**Provided material**:
■ ■ ■ ■

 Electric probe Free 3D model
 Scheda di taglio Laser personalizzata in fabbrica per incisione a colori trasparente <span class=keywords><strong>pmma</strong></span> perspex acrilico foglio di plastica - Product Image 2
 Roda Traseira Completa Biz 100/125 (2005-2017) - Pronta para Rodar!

■ ■ ■ ■

**Task to complete**: Set down the lines above exactly as written. Begin at the line containing "Scheda di taglio" and stop after the last line.

**Reply to the exercise**:
 Scheda di taglio Laser personalizzata in fabbrica per incisione a colori trasparente <span class=keywords><strong>pmma</strong></span> perspex acrilico foglio di plastica - Product Image 2
 Roda Traseira Completa Biz 100/125 (2005-2017) - Pronta para Rodar!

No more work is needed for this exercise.